Josiah Richard was a golfer during the first two years of his athletic career at Foxcroft Academy, and never played football save for the occasional backyard pickup game.
But the Ponies’ tradition on the gridiron — reaching the Class C state final during his freshman year in 2006, then winning it all a year later — convinced Richard to try something new.
“I switched to football just last year, and I switched because I wanted that state championship and knew Foxcroft was all about football,” said Richard, a wide receiver and defensive back.
“After watching them my sophomore year I decided I wanted a state championship, and when it didn’t happen last year I definitely was looking for it this year. That was my goal.”
Foxcroft is now just one game away from realizing Richard’s goal, and the home-schooled senior from Charleston has played a major role in making that happen.
Richard leads coach Danny White’s club in receiving with 39 receptions for 648 yards and eight touchdowns.
He’s had 12 catches for 226 yards and two touchdowns during postseason play, including a 34-yard scoring strike from senior quarterback Ryan Stroud during the second quarter of last Saturday’s LTC championship game that provided the winning points as Foxcroft edged 2008 state champion John Bapst of Bangor 14-13.
On defense, he led the LTC with seven interceptions during the regular season, then added his eighth pickoff during Foxcroft’s 28-8 victory over Stearns of Millinocket in the regional semifinals.
Richard also is the Ponies’ placekicker, making 48 of 56 extra-point kicks and all three of his field-goal tries this fall.
Yet he is just one of several playmakers who will lead Foxcroft into its sixth state final in the last eight years when the Ponies face Western Maine Class C champion Dirigo of Dixfield in a battle of 11-0 teams scheduled for 2:30 p.m. at Fitzpatrick Stadium in Portland.
Stroud has completed 84 of 160 passes for 1,487 yards with 28 touchdowns and just eight interceptions – and set an LTC record with 20 touchdown passes during the regular season.
Senior halfback Ian Champeon, one of the key veterans back from the Ponies’ 2007 state championship run, has gained 1,001 yards on 130 carries this season, with 15 rushing touchdowns among his 24 touchdowns overall.

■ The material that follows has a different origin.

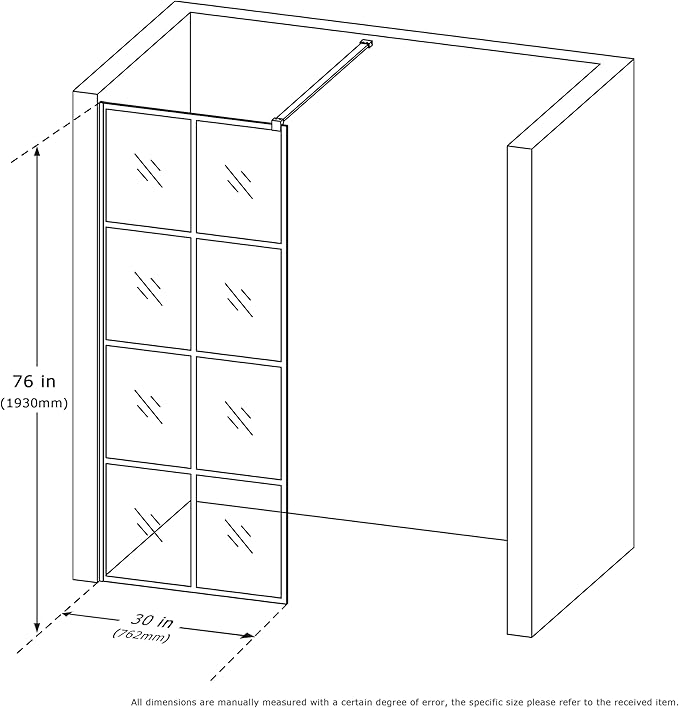 Mainzel 30" W x 76" H Fixed Shower Glass Panel, Frameless 3/8" ANSl Tempered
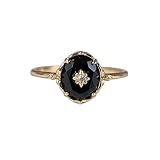 FAMIVES Vintage Black Onyx Engagement Ring for Women Gold Art Deco Solitaire Wedding Ring Unique Oval Cut Stone Anniversary Jewelry Size 7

Wingback Chase Hutchinson and fullbacks Dylan Andrews and Cody Coiley add to the running game, while senior wideout Robbie Harmon adds speed to the passing game.
Linebackers Champeon and Andrews are the team’s leading tacklers for a defense that has generated more than 40 turnovers in its first 11 games.
Dirigo, which last fielded a championship team in 1975, boasts a similarly diversified offense led by senior quarterback Nic Crutchfield and tailback Spencer Ross.
The Cougars also get major offensive contributions from tailback Bryan Blackman, fullback Tyler Chiasson, 6-foot-3 wideout Alex Miele and tight end Kyle Hutchinson.
Chaisson and Hutchinson lead the Dirigo defensive front, while Mason Cote, Jake Dowland and Arik Fenstermacher are among the Cougars’ leading tacklers at linebacker while and Miele and Ross anchor the secondary.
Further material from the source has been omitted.